▸ **The task**: Reproduce the listing in full, exactly as written, but without images.

▸ **Given information**:
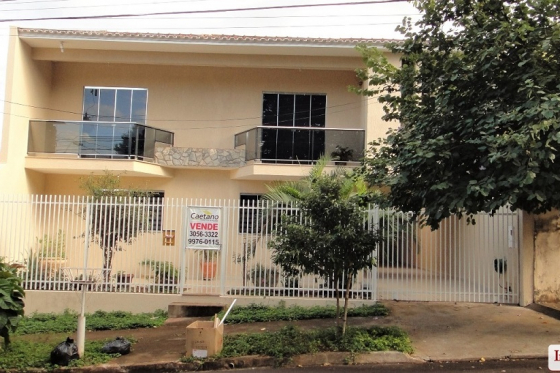 Casa 230m Umuarama-PR 93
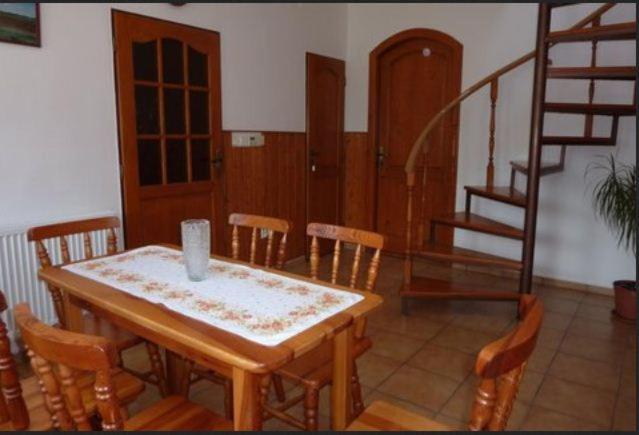 Villa Apartman Foldes Tibor à Veľký Meder Extérieur photo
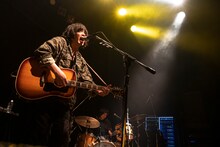 峯田和伸（Vo, G / 銀杏BOYZ）（Photo by MAYUMI）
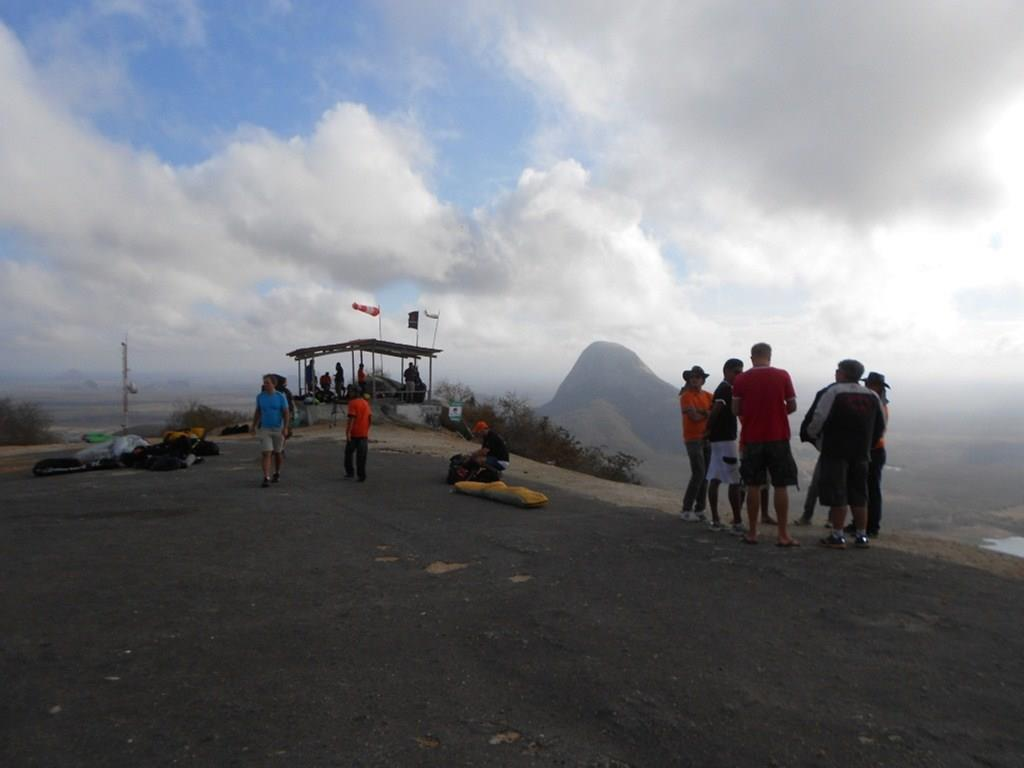 43 Quixadá no Ceará. A figura 13 a seguir mostra a imagem da Rampa do Quixadá/CE instalada no morro do Urucum. Figura 15 Imagem da rampa de voo livre Quixadá/CE Fonte: http://blogs.diariodonordeste.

▸ **Expected output**:
 Casa 230m Umuarama-PR 93
 Villa Apartman Foldes Tibor à Veľký Meder Extérieur photo
 峯田和伸（Vo, G / 銀杏BOYZ）（Photo by MAYUMI）
 43 Quixadá no Ceará. A figura 13 a seguir mostra a imagem da Rampa do Quixadá/CE instalada no morro do Urucum. Figura 15 Imagem da rampa de voo livre Quixadá/CE Fonte: http://blogs.diariodonordeste.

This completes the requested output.